Image source: Kinder Morgan. 

Given the growing downturn in the energy market, few investors have a desire to invest in the sector these days. However, great challenges often bring even greater opportunities, which is what Brookfield Infrastructure Partners (BIP 1.52%) sees in energy infrastructure. That's why the company is eyeing three different types of opportunities to invest in energy infrastructure assets as it looks to expand its own energy segment's portfolio.

Opportunity No. 1: Build
Late last year, Brookfield Infrastructure Partners joined forces with energy infrastructure giant Kinder Morgan (KMI -0.09%) to jointly acquire the 53% of the Natural Gas Pipeline Company of America (NGPL) that they didn't already own. One of the primary reasons the partners bought out the rest of NGPL's investors was to focus on capturing a number of organic growth opportunities they see on the near horizon. In fact, Brookfield Infrastructure Partners sees these opportunities being its main fuel for organic growth over the next few years.

The company plans to invest $140 million over the next two to three years to expand NGPL, which includes expanding in the Chicago market as well as the first phase of the Gulf Coast Reversal project. These expansion projects are expected to drive 20% EBITDA growth at NGPL in 2016, with a further step-up in EBITDA in 2017 and 2019 as projects go into service. Beyond that, the partners see a lot of potential for expansion along the Gulf Coast due to NGPL's close proximity to LNG export facilities, which provides Brookfield with additional opportunities to put capital to work.  

Opportunity No. 2: Partner
The recent collapse in energy prices is causing significant financial stress among oil and gas companies, which has recently trickled down to energy midstream companies. Because of that, these companies no longer have unfettered access to the capital market, which is making it really tough for them to obtain funding to pay for new investments. Kinder Morgan is a prime example of this, with the company significantly reducing its dividend to free up cash to invest in its growth project backlog after it was no longer able to issue equity to fund these projects.
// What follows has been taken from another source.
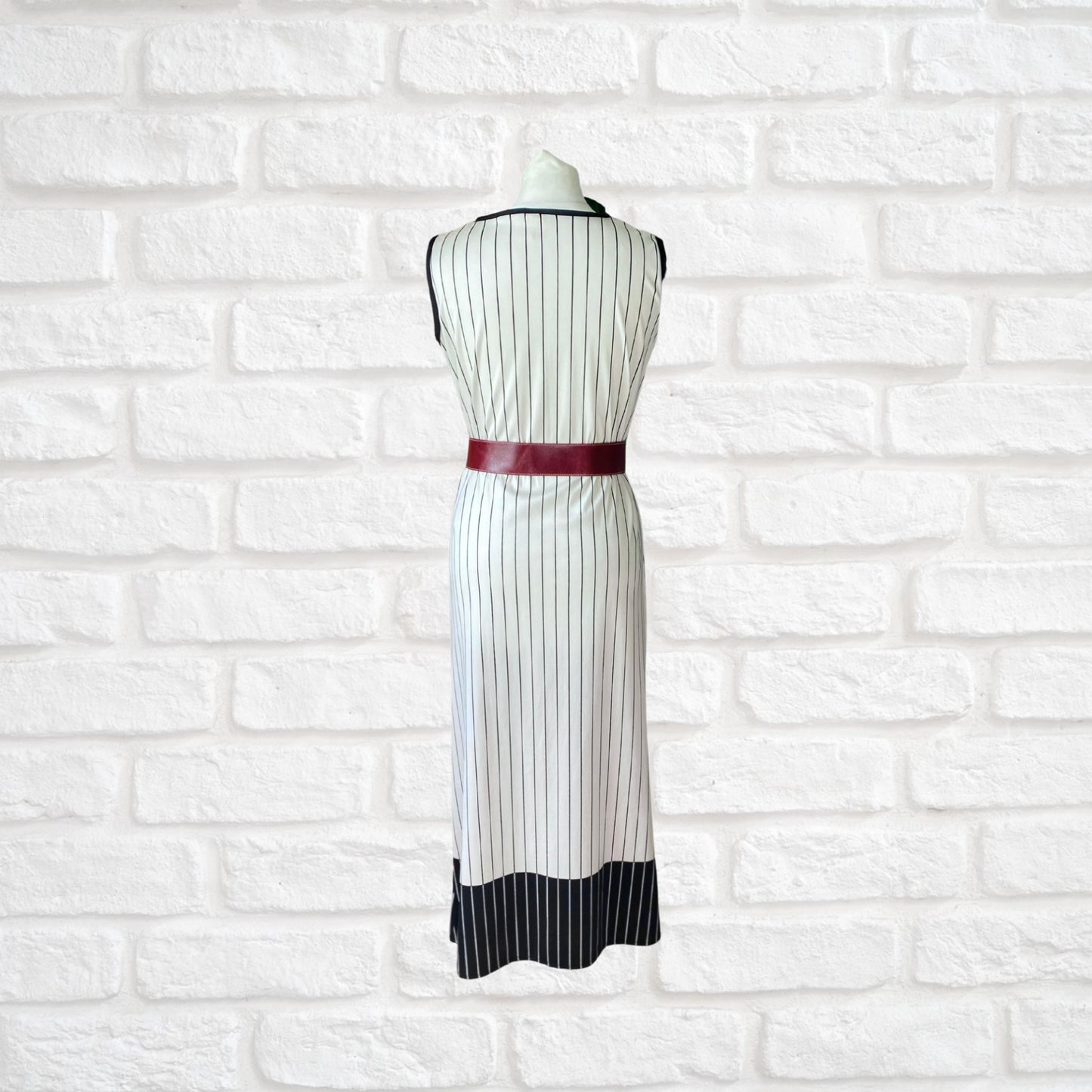 70s Monochrome Striped Vintage Maxi Dress with Vibrant Floral Detail. Approx UK size 10-12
That lack of access to capital is causing Kinder Morgan and other midstream companies to look at new ways to fund growth projects, including seeking joint venture partners to help finance some of these projects. Given that Brookfield does have access to capital, and has a history of partnering with others on acquisitions and projects, it could become a partner of choice for midstream companies that need a financial partner. 

Opportunity No. 3: Buy
Direct acquisitions are another opportunity for Brookfield Infrastructure Partners. It pointed this opportunity out in its earnings release, saying that because of the downturn's impact on asset values, for the "first time in many years, we will be able to make investments on a value basis" in North American energy infrastructure.

A growing number of energy companies are looking to sell infrastructure assets in order to either repair their balance sheets or raise the capital they need to fund new growth. For example, Williams Partners (NYSE: WPZ) had to cut its capex budget by $1 billion, or 32%, because its access to capital has been significantly constrained by the downturn. In fact, Williams Partners no longer plans to access the capital market to fund its growth spending in 2016 and instead intends to sell more than $1 billion in assets through the first half of this year to provide it with the balance of the cash it needs to fund its capital program. Williams Partners is one of the growing list of energy companies that are planning to sell infrastructure assets in order to bridge their funding needs through what they hope is the low point of the cycle. That said, with so many sellers and fewer buyers, Brookfield really has its pick of assets to buy at valuations not seen in quite some time. 

Investor takeaway
Most investors loathe downturns because it means the value of their investments are going down. That's not the case with Brookfield. Instead, it looks forward to downturns because its opportunity set increases tremendously. That's certainly the case with the recent energy downturn, with Brookfield seeing a number of opportunities to invest in the sector, something it hasn't seen in quite some time.